书城公版Over the Teacups
5429000000067

第67章 IX(7)

After all, every people must have its own forms of ostentation, pretence, and vulgarity. The ancient Romans had theirs, the English and the French have theirs as well,--why should not we Americans have ours? Educated and refined persons must recognize frequent internal conflicts between the "Homo sum" of Terence and the "Odi profanum vulgus" of Horace. The nobler sentiment should be that of every true American, and it is in that direction that our best civilization is constantly tending.

We were waited on by a new girl, the other evening. Our pretty maiden had left us for a visit to some relative,--so the Mistress said. I do sincerely hope she will soon come back, for we all like to see her flitting round the table.

I don't know what to make of it. I had it all laid out in my mind.

With such a company there must be a love-story. Perhaps there will be, but there may be new combinations of the elements which are to make it up, and here is a bud among the full-blown flowers to which I must devote a little space.

Delilah.

I must call her by the name we gave her after she had trimmed the Samson locks of our Professor. Delilah is a puzzle to most of us.

A pretty creature, dangerously pretty to be in a station not guarded by all the protective arrangements which surround the maidens of a higher social order. It takes a strong cage to keep in a tiger or a grizzly bear, but what iron bars, what barbed wires, can keep out the smooth and subtle enemy that finds out the cage where beauty is imprisoned? Our young Doctor is evidently attracted by the charming maiden who serves him and us so modestly and so gracefully.

Fortunately, the Mistress never loses sight of her. If she were her own daughter, she could not be more watchful of all her movements.
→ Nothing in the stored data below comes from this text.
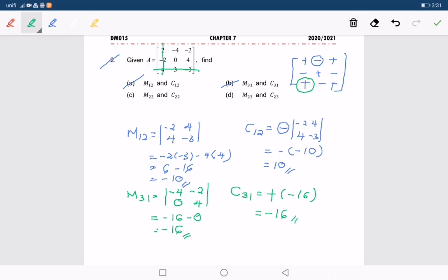Okay, can you get that? Same goes to C and D — you can try questions C and D by yourself.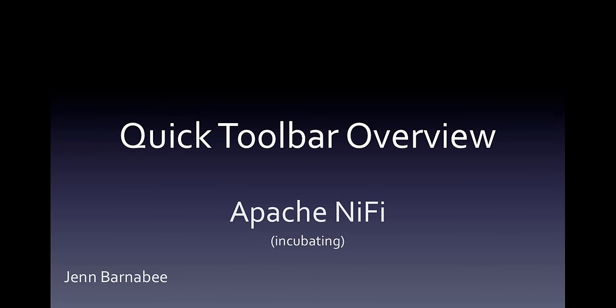Hello, I'm Jen Barnaby, and this video will give you an overview of the Apache NiFi Toolbar.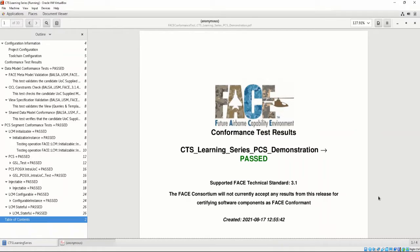All non-OSS conformance test reports are of the same format. For this demonstration, we're going to look at the PCS conformance test report that we generated in Chapter 5, Video 3. If we were to look at a PCS, TSS, or IOSS conformance test report, their format would be the same.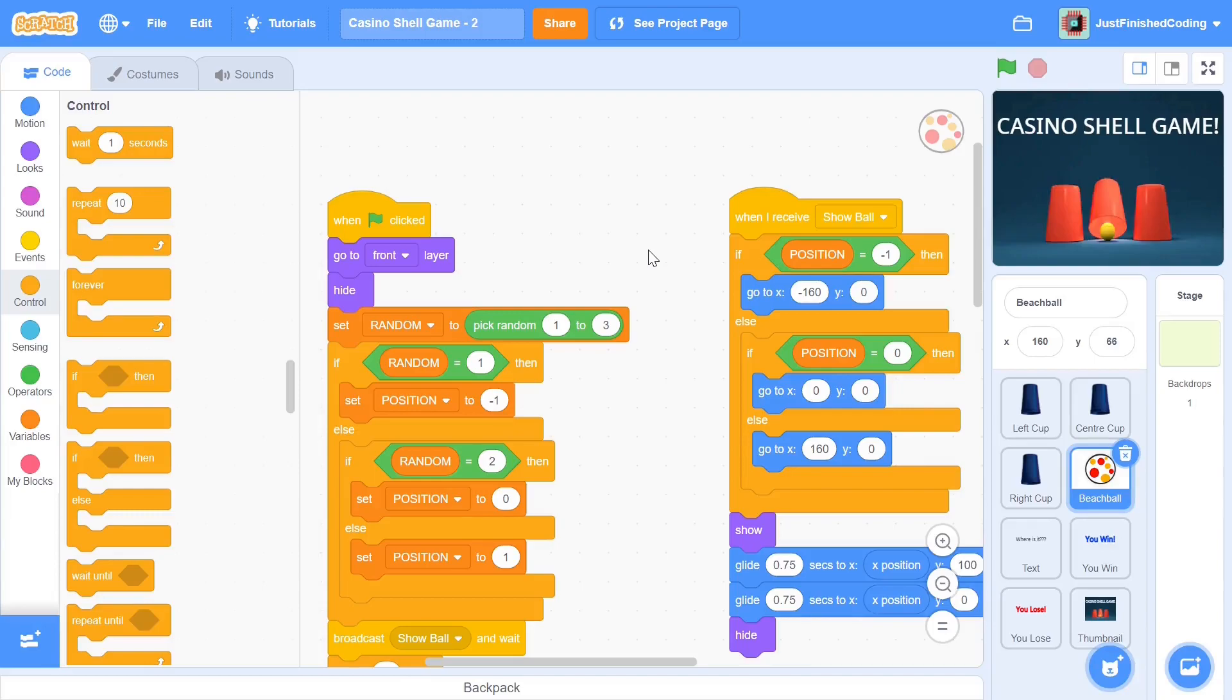Hello everyone and welcome back to Just Finished Coding. This is part 2 of our casino shell game which we're making on Scratch 3. So without further ado, let's get right into it.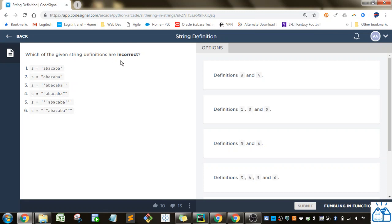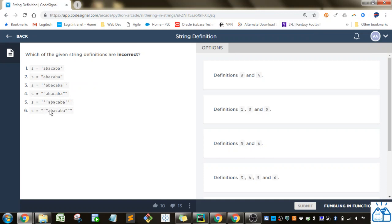So in Python you can use the single quotation mark or apostrophe to define a string. You can also use the quotation marks, the regular quotation marks. And you can also use triple quotation marks or apostrophes.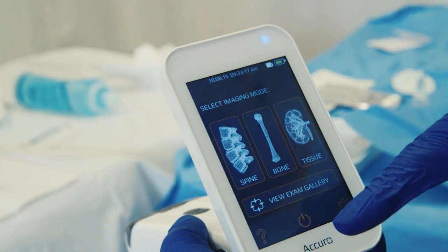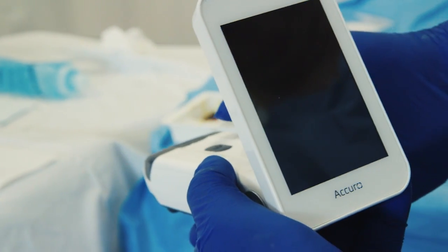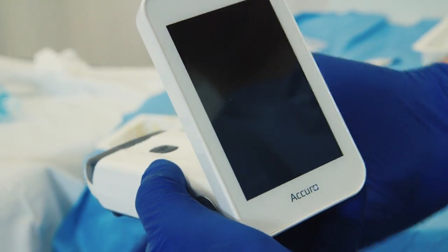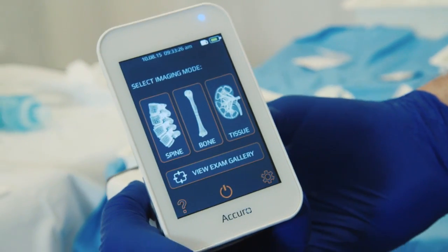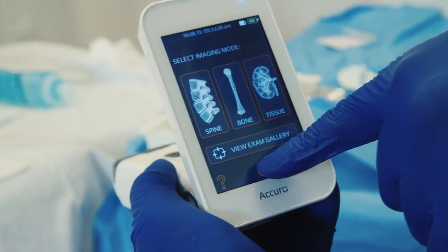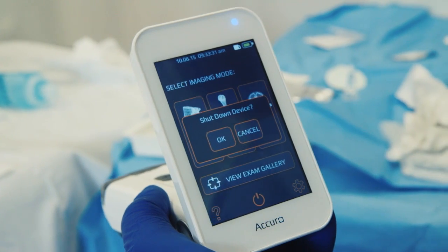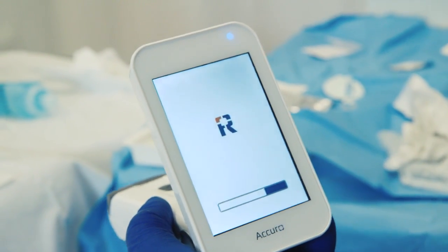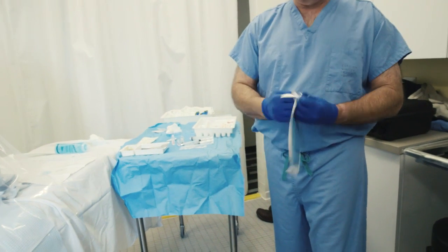The Acuro can be placed to sleep by tapping the physical power button; the device will wake from sleep rapidly when needed. To power down completely, press the power button on the home screen. Do not hold down the physical power button to turn off the Acuro unless absolutely necessary.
And yet I do not believe that Delilah needs all this overlooking. If I am not mistaken, she knows how to take care of herself, and could be trusted anywhere, in any company, without a duenna. She has a history,--I feel sure of it. She has been trained and taught as young persons of higher position in life are brought up, and does not belong in the humble station in which we find her. But inasmuch as the Mistress says nothing about her antecedents, we do not like to be too inquisitive. The two Annexes are, it is plain, very curious about her. I cannot wonder. They are both good-looking girls, but Delilah is prettier than either of them. My sight is not so good as it was, but I can see the way in which the eyes of the young people follow each other about plainly enough to set me thinking as to what is going on in the thinking marrow behind them. The young Doctor's follow Delilah as she glides round the table,--they look into hers whenever they get a chance; but the girl's never betray any consciousness of it, so far as I can see. There is no mistaking the interest with which the two, Annexes watch all this. Why shouldn't they, I should like to know? The Doctor is a bright young fellow, and wants nothing but a bald spot and a wife to find himself in a comfortable family practice. One of the Annexes, as I have said,. has had thoughts of becoming a doctress. I don't think the Doctor would want his wife to practise medicine, for reasons which I will not stop to mention. Such a partnership sometimes works wonderfully well, as in one well-known instance where husband and wife are both eminent in the profession; but our young Doctor has said to me that he had rather see his wife,--if he ever should have one,--at the piano than at the dissecting-table. Of course the Annexes know nothing about this, and they may think, as he professed himself willing to lecture on medicine to women, he might like to take one of his pupils as a helpmeet.

If it were not for our Delilah's humble position, I don't see why she would not be a good match for any young man. But then it is so hard to take a young woman from so very lowly a condition as that of a "waitress" that it would require a deal of courage to venture on such a step. If we could only find out that she is a princess in disguise, so to speak,--that is, a young person of presentable connections as well as pleasing looks and manners; that she has had an education of some kind, as we suspected when she blushed on hearing herself spoken of as a "gentille petite," why, then everything would be all right, the young Doctor would have plain sailing,--that is, if be is in love with her, and if she fancies him,--and I should find my love-story,--the one I expected, but not between the parties I had thought would be mating with each other.

Dear little Delilah! Lily of the valley, growing in the shade now,--perhaps better there until her petals drop; and yet if she is all I often fancy she is, how her youthful presence would illuminate and sweeten a household! There is not one of us who does not feel interested in her,--not one of us who would not be delighted at some Cinderella transformation which would show her in the setting Nature meant for her favorite.

The fancy of Number Seven about the witches' broomsticks suggested to one of us the following poem:

THE BROOMSTICK TRAIN;

OR, THE RETURN OF THE WITCHES.

Lookout! Look out, boys! Clear the track!

The witches are here! They've all come back!

They hanged them high,--No use! No use!

What cares a witch for a hangman's noose?

They buried them deep, but they would n't lie, still, For cats and witches are hard to kill;

They swore they shouldn't and wouldn't die, Books said they did, but they lie! they lie!